Let’s talk about guidelines for surfaces. A continuous, cane-detectable surface must be provided within 1.5 inches of a finished grade. ADAAG advises that joints should be closed and flush to prevent tripping and to reduce the possibility of canes or small wheels getting trapped in gaps or spaces. Similarly, PROWAG states that discontinuity in the surface must be less than 1/4 inch. Discontinuities of 1/4 to 1/2 inch can be sloped, but discontinuities of greater than ½ inch must be repaired.
Pathways should be clear of debris and adequately drained to prevent accumulation of trash or mud that can cause a tripping or slipping hazard. A minimum, continuous, clear width of 48 inches, free of obstructions, should also be maintained. Be advised that where the clear width of pedestrian access routes is less than 5 feet, passing spaces must be provided at intervals of a maximum of 200 feet. Passing spaces must be a minimum of 5 feet by 5 feet.
A continuous detectable edge allows cane users to detect the edges of the pedestrian pathway. According to the MUTCD, detectable edging should protrude at least 6 inches above the surface of the pathway, with the bottom of the edging being a maximum of 2.5 inches above the surface. Edging should be continuous throughout the length of the facility, except for gaps where pedestrians or vehicles will be turning or crossing. MUTCD advises that detectable pedestrian edging should be orange, white, or yellow and should match the color of adjacent channelizing or traffic control devices. Edging should be firmly attached to the ground or other devices.
Temporary Curb Ramps
When pedestrians are diverted to temporary routes in the roadway, temporary curb ramps should be provided to enable pedestrians to negotiate curbs safely. Temporary curb ramps should be the full width of the temporary route and are recommended to be 60 inches wide. The minimum width is 48 inches. Temporary curb ramps should generally lie in a single sloped plane, with minimum surface warping and cross slope.

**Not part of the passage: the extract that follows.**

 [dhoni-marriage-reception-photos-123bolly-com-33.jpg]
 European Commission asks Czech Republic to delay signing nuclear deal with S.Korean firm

All ramps should be firm, stable, and have a non-slip surface. They should not warp or buckle, and should be made of materials strong enough to support the weight of pedestrians as well as motorized scooters and wheelchairs. Ramps should also be color contrasting and have marked edges so they are noticeable by pedestrians with visual impairments. Ramps also need free draining surfaces with a maximum cross slope of 1 to 50, or 2 percent.
When placing temporary curb ramps, avoid placing them near drain covers or grills that could impede pedestrians traveling in wheelchairs and motorized scooters. Also avoid placing ramps near drainage collection areas because ponding or running water could be hazardous, especially for those who use canes or walkers.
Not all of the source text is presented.